## Captioned web image data
···

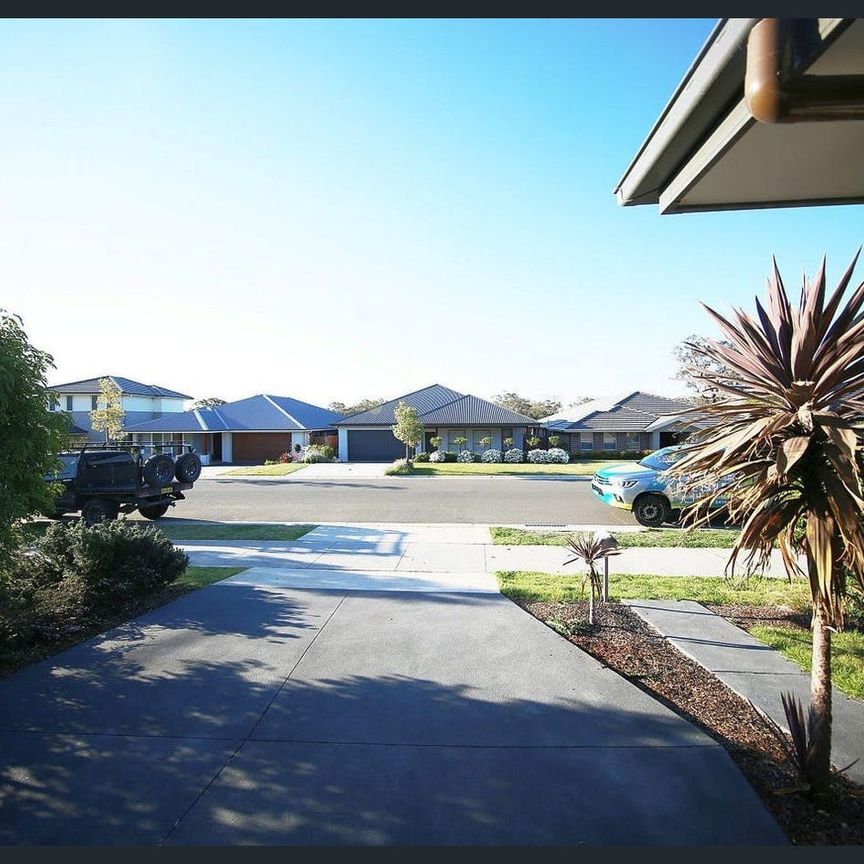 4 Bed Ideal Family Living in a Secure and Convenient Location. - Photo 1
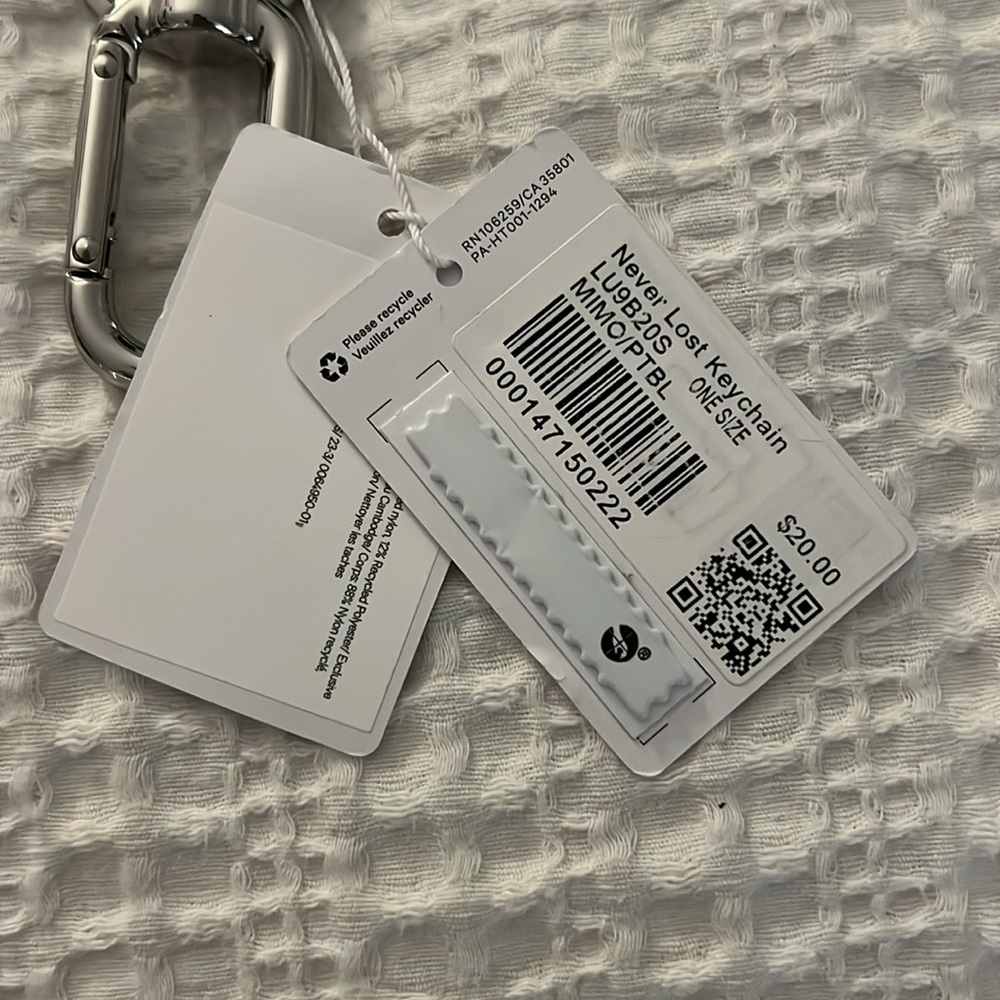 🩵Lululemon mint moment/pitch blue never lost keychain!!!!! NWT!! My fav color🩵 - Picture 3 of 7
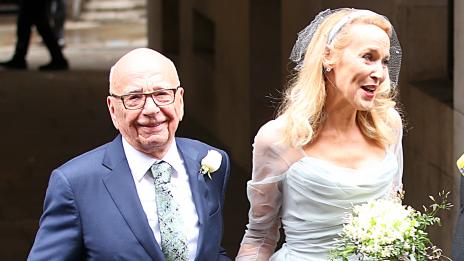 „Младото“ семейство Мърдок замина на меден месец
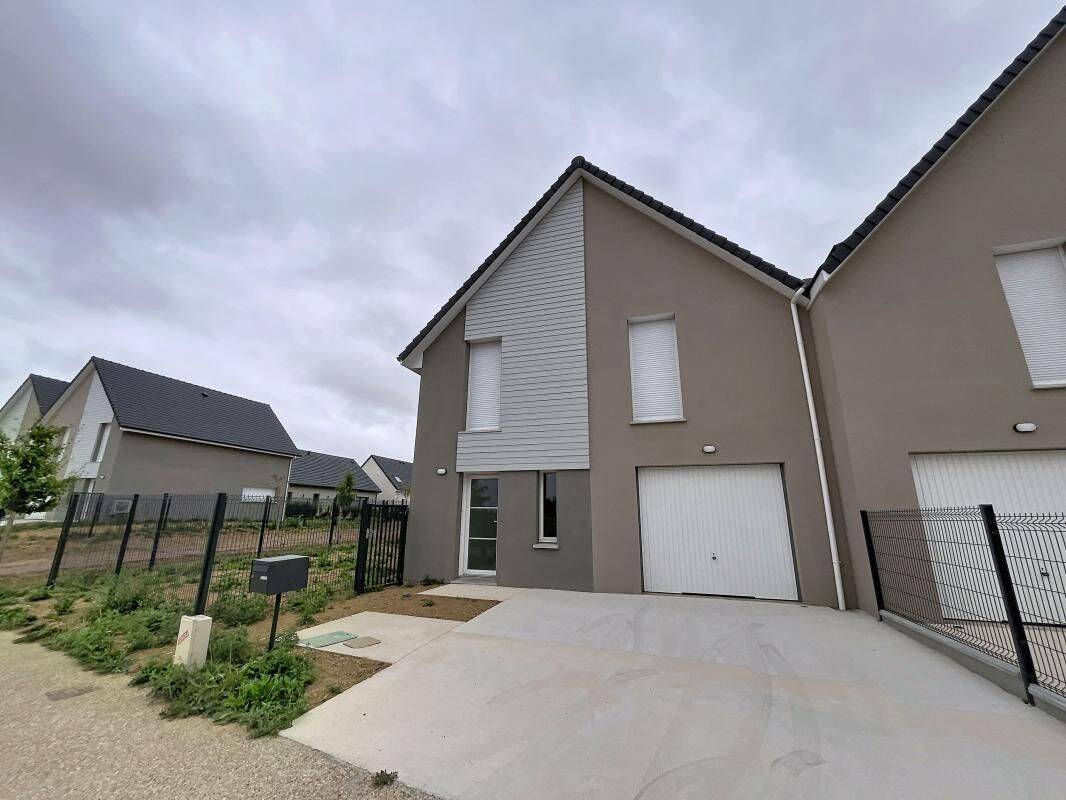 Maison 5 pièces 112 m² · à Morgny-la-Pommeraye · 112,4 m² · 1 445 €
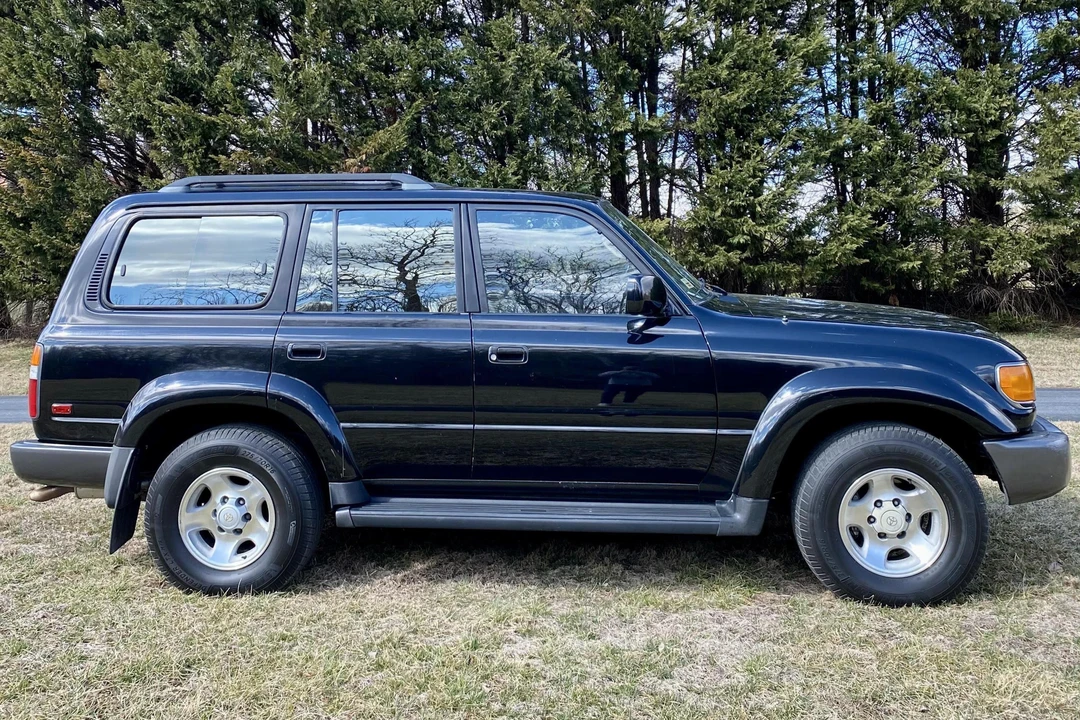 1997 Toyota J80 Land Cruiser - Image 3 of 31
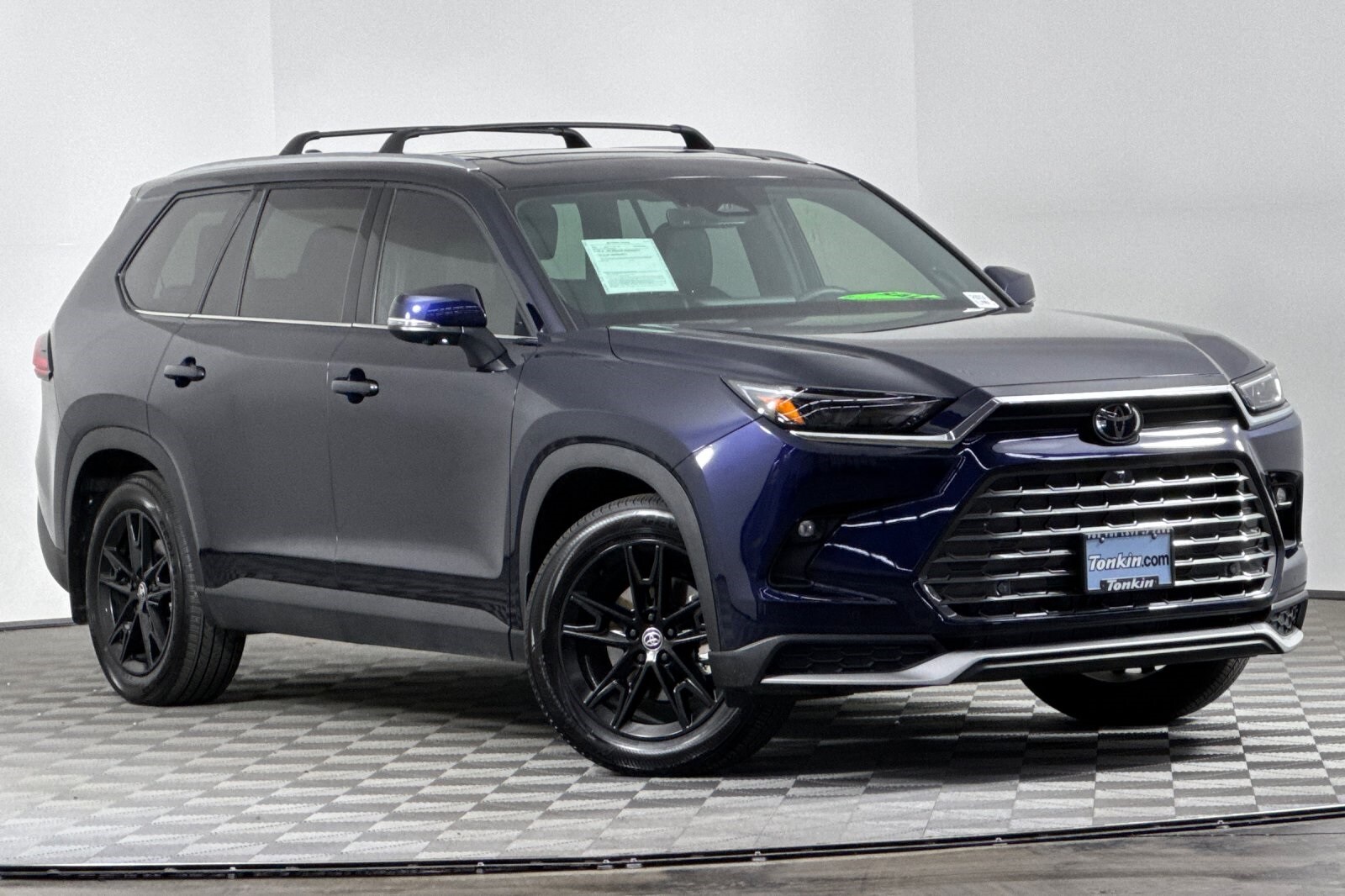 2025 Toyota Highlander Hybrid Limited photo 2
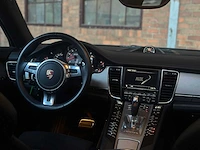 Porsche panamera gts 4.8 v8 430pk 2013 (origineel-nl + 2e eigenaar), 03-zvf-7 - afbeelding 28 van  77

···

## PROMPT
Leave out the pictures, and retype exactly the lines from the one containing "на меден месец" through the last line of the data above, no more and no less.

## RESULT
 „Младото“ семейство Мърдок замина на меден месец
 Maison 5 pièces 112 m² · à Morgny-la-Pommeraye · 112,4 m² · 1 445 €
 1997 Toyota J80 Land Cruiser - Image 3 of 31
 2025 Toyota Highlander Hybrid Limited photo 2
 Porsche panamera gts 4.8 v8 430pk 2013 (origineel-nl + 2e eigenaar), 03-zvf-7 - afbeelding 28 van  77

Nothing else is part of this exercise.